- **Problem to work on**
Copy the lines below exactly, starting at the one with "Project controller, the" and ending at the one with "So valid parameters", and leave out any picture.

Records from a collection:
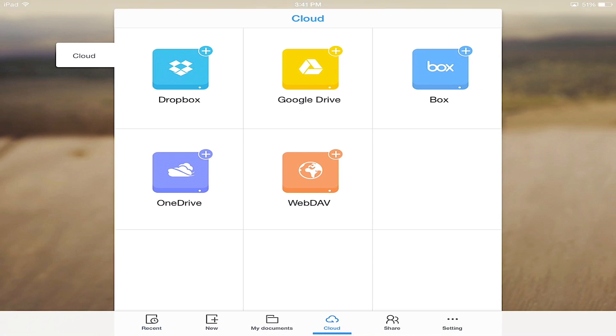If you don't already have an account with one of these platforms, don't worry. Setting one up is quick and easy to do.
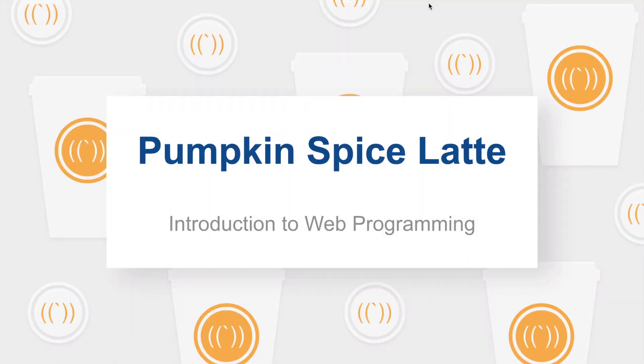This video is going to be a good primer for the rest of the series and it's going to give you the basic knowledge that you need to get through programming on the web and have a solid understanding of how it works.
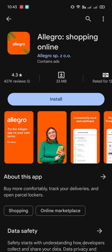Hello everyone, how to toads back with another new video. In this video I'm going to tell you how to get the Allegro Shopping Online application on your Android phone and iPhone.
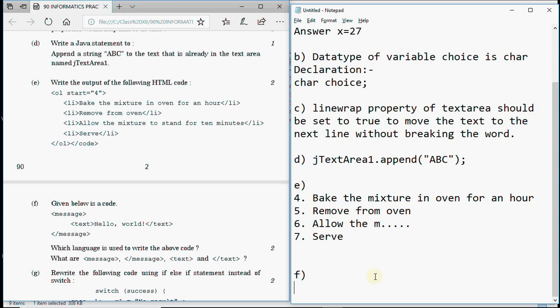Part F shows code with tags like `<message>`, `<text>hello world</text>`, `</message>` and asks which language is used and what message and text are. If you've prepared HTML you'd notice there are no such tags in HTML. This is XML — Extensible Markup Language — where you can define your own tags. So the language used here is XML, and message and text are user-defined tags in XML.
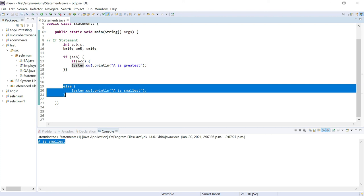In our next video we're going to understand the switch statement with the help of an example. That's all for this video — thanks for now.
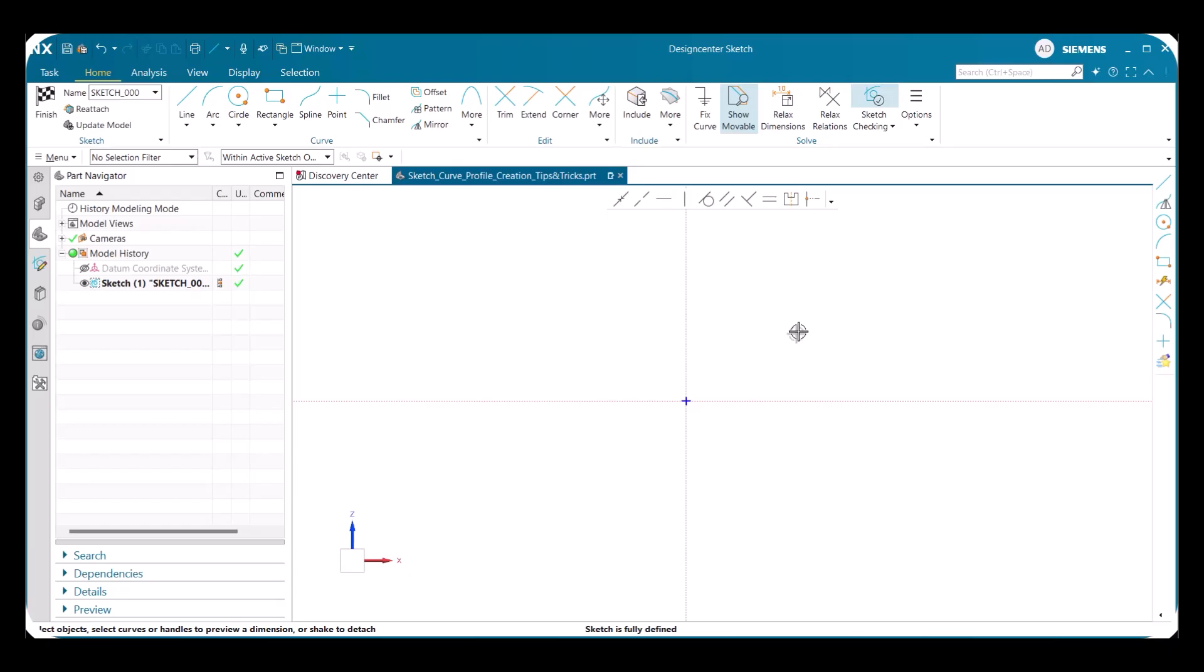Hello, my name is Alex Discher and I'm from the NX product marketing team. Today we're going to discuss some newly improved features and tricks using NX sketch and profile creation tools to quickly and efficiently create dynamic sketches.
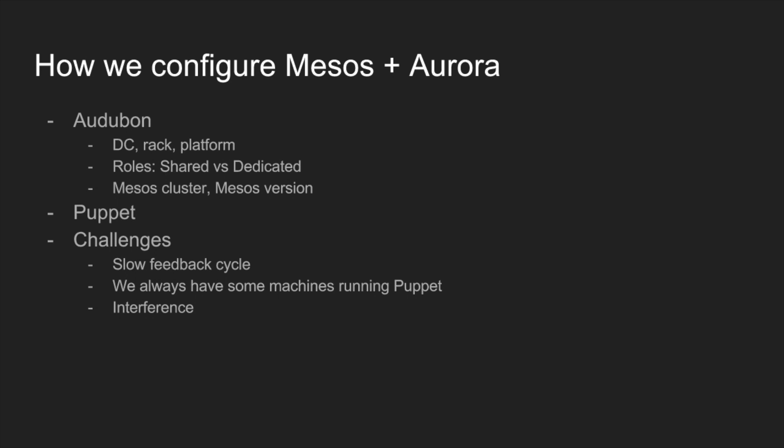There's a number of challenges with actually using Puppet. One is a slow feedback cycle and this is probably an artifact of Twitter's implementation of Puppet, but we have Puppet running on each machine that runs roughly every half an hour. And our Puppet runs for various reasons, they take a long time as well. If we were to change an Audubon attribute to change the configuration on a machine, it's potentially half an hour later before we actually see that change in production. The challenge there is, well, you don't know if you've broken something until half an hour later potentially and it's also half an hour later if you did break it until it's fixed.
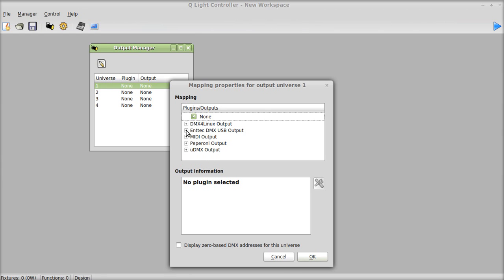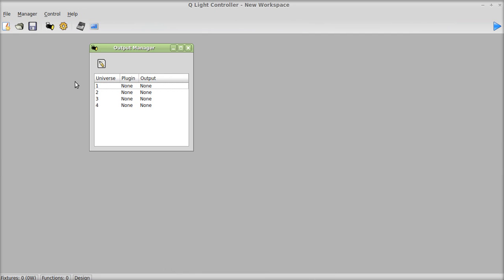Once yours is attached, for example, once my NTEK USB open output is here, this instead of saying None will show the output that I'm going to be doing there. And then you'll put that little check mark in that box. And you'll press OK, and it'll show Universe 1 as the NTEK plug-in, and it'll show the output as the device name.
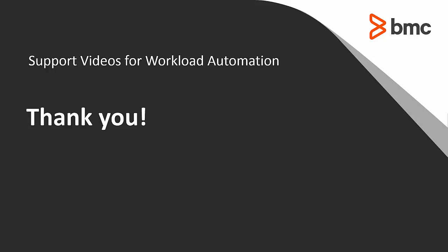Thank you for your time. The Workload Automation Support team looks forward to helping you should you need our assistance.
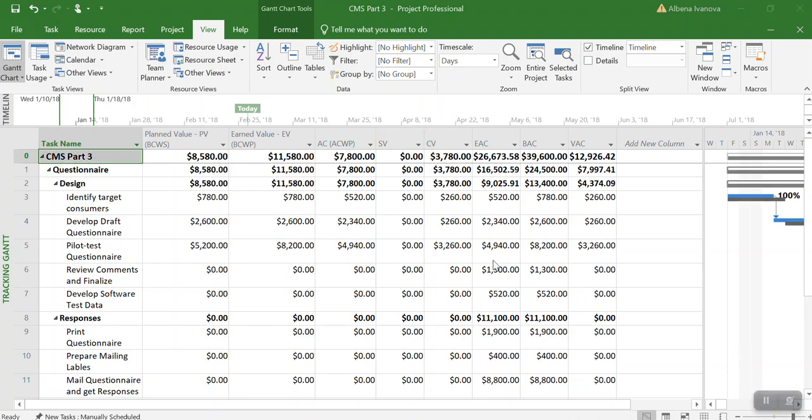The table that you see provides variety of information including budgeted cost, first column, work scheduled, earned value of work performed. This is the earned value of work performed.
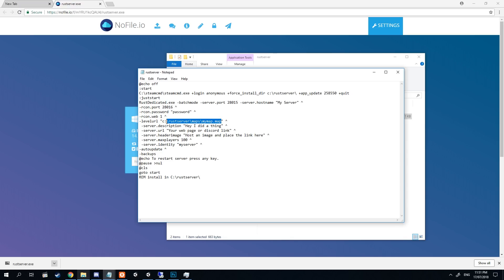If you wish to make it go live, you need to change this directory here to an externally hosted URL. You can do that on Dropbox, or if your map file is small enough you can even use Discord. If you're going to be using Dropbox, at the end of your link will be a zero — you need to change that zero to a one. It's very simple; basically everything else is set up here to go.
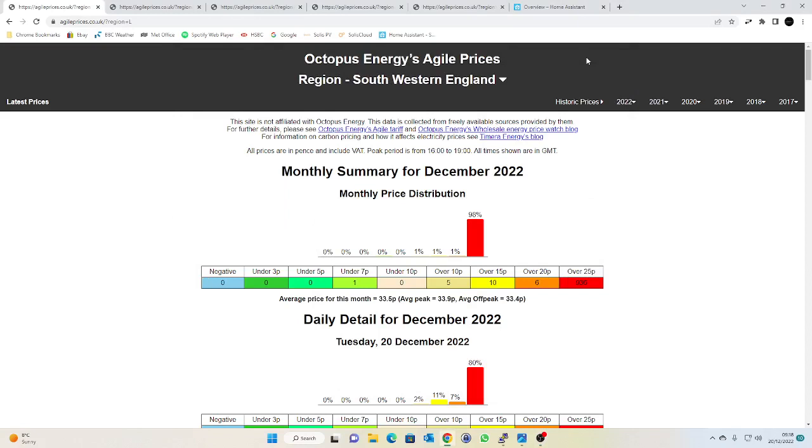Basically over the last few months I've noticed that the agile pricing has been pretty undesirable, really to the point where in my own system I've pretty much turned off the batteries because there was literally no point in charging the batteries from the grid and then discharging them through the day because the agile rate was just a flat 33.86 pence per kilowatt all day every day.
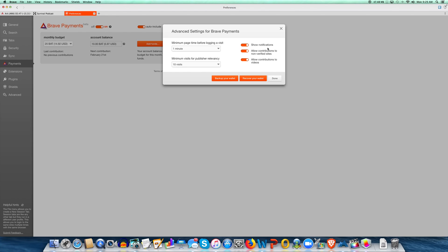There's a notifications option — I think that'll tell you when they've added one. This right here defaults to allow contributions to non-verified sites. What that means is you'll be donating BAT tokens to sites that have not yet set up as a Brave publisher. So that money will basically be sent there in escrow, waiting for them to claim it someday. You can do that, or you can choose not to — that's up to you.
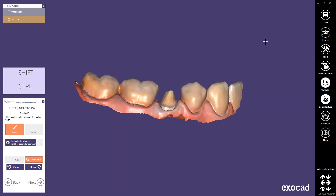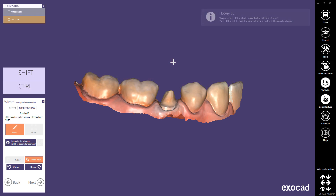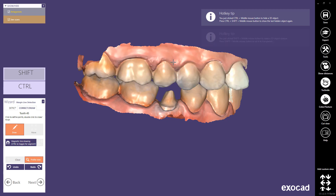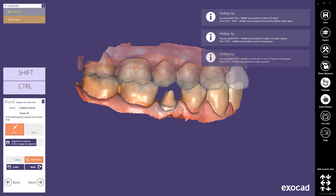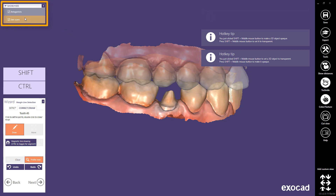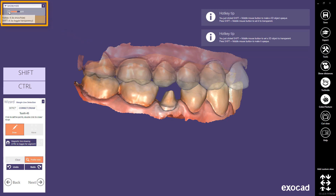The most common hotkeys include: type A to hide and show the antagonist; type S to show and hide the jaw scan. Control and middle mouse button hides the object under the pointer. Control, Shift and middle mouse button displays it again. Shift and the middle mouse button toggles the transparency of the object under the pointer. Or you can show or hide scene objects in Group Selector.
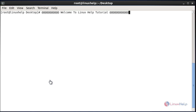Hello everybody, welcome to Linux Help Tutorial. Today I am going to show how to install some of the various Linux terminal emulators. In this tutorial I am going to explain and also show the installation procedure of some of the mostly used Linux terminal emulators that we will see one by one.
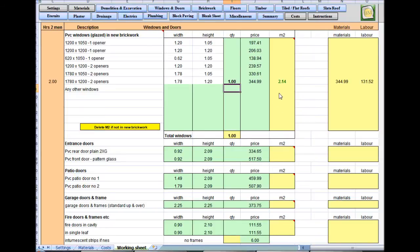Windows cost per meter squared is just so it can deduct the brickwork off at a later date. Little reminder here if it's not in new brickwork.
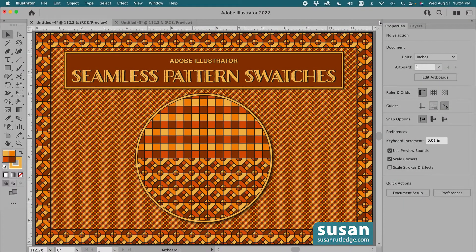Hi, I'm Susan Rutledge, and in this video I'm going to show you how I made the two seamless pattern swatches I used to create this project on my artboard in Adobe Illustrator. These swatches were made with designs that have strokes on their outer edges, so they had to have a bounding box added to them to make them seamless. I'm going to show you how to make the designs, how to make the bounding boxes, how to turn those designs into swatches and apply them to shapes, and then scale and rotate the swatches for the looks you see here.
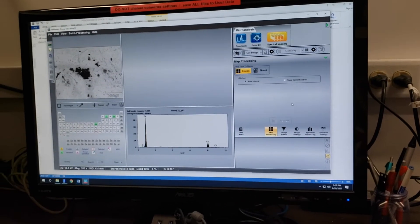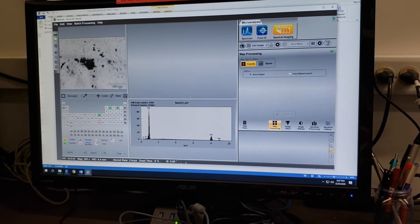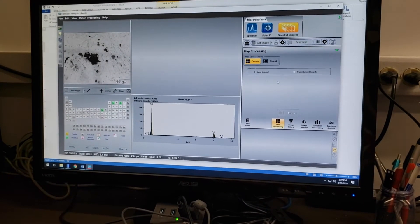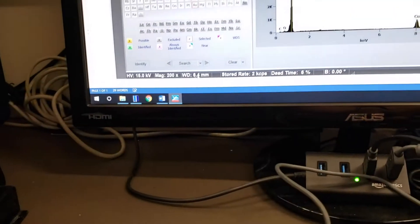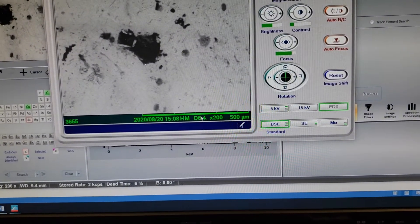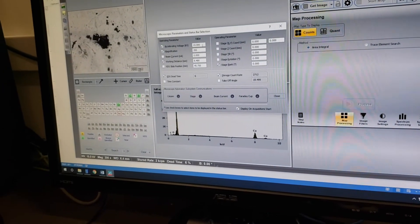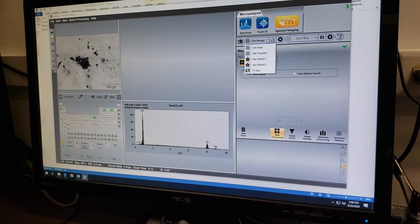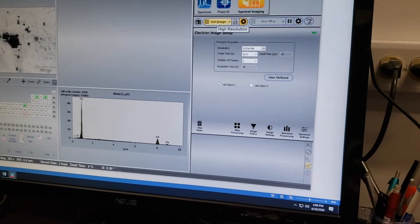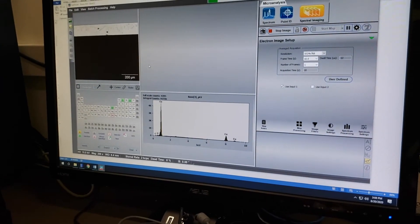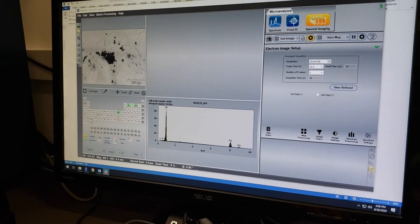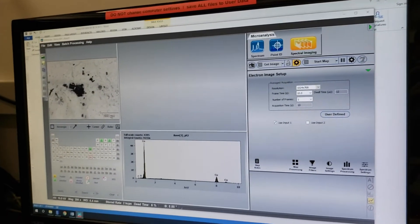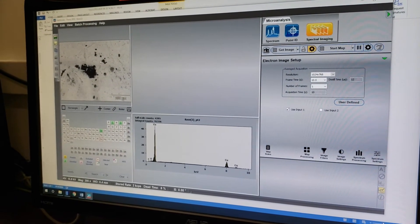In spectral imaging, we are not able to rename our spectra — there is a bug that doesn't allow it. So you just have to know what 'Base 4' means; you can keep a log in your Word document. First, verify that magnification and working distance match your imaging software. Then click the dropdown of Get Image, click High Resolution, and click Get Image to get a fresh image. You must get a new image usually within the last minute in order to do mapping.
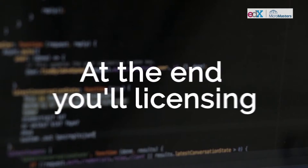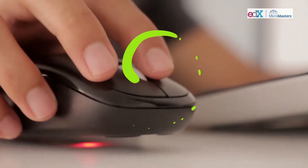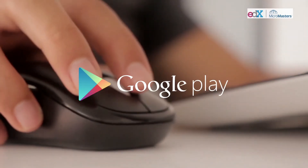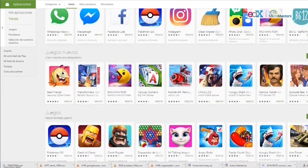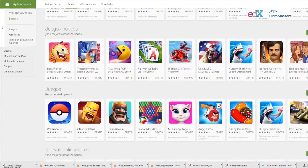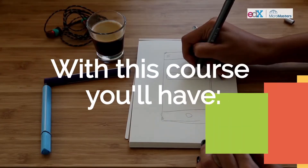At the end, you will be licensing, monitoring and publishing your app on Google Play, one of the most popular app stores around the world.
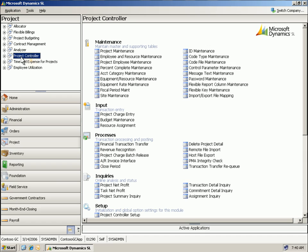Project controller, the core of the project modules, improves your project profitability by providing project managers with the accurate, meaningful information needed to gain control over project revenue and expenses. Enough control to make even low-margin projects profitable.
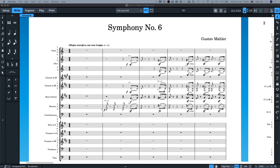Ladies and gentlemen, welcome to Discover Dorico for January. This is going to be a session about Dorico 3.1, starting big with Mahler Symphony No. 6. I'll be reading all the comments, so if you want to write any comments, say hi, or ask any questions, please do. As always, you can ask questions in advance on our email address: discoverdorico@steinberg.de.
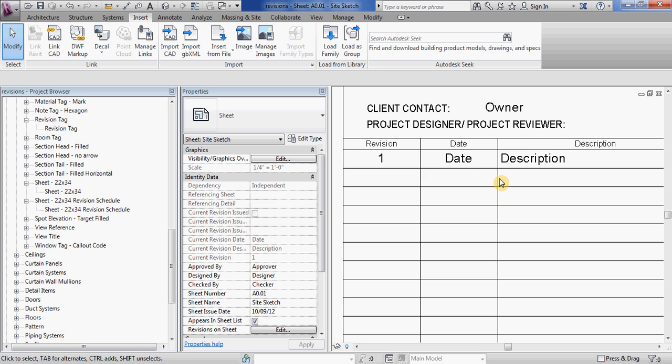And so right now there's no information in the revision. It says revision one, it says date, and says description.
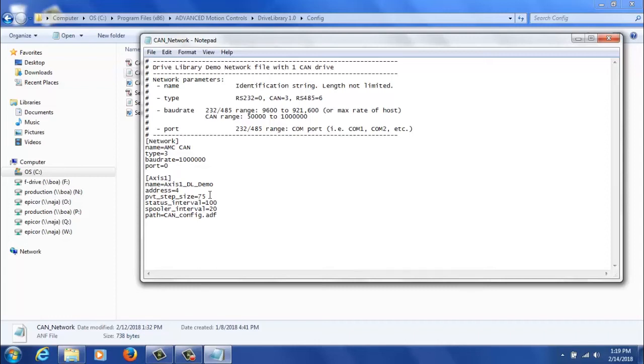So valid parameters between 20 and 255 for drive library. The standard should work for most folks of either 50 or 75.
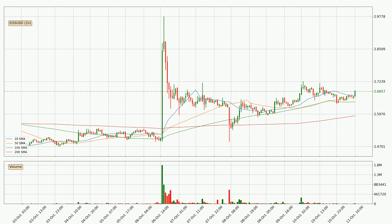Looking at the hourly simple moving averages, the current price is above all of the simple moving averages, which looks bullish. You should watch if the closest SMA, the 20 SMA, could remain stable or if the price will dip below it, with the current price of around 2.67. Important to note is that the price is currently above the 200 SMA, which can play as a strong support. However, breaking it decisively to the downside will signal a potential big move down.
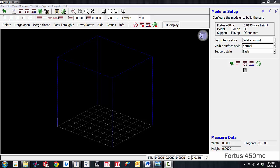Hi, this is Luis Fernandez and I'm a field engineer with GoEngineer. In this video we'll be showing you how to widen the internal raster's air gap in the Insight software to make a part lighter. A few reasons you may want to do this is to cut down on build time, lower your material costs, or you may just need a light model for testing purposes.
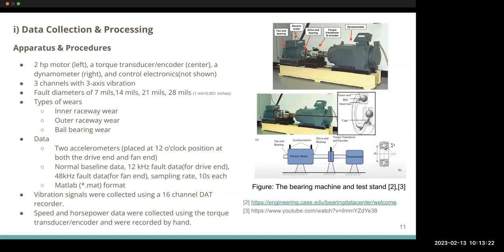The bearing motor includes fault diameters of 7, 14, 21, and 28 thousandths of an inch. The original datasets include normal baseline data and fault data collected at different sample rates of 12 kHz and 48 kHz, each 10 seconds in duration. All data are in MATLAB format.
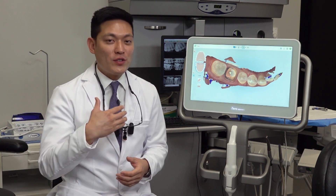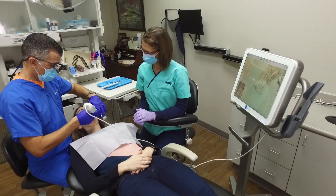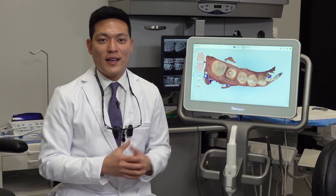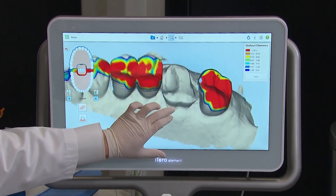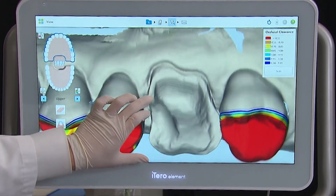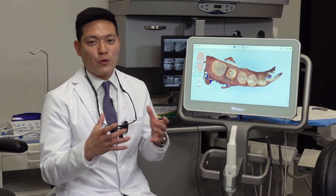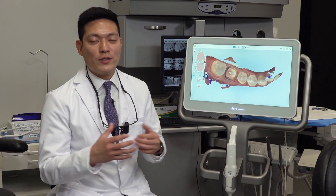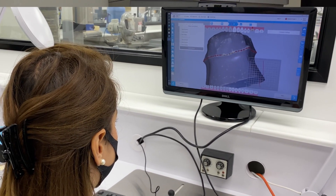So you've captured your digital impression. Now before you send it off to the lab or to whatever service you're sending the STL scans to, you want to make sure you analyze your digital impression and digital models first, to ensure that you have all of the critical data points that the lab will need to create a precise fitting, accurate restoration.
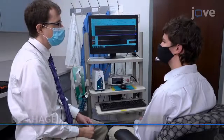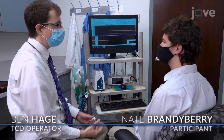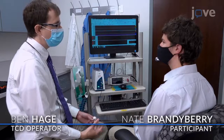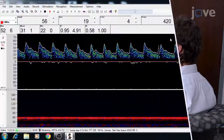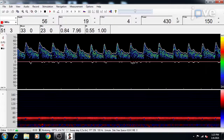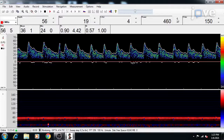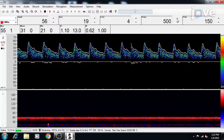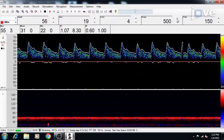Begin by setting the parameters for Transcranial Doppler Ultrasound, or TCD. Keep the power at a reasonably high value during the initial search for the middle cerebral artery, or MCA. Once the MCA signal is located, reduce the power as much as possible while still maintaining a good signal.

- **Output for this task**
Project controller, the core of the project modules, improves your project profitability by providing project managers with the accurate, meaningful information needed to gain control over project revenue and expenses. Enough control to make even low-margin projects profitable.
Ladies and gentlemen, welcome to Discover Dorico for January. This is going to be a session about Dorico 3.1, starting big with Mahler Symphony No. 6. I'll be reading all the comments, so if you want to write any comments, say hi, or ask any questions, please do. As always, you can ask questions in advance on our email address: discoverdorico@steinberg.de.
And so right now there's no information in the revision. It says revision one, it says date, and says description.
So valid parameters between 20 and 255 for drive library. The standard should work for most folks of either 50 or 75.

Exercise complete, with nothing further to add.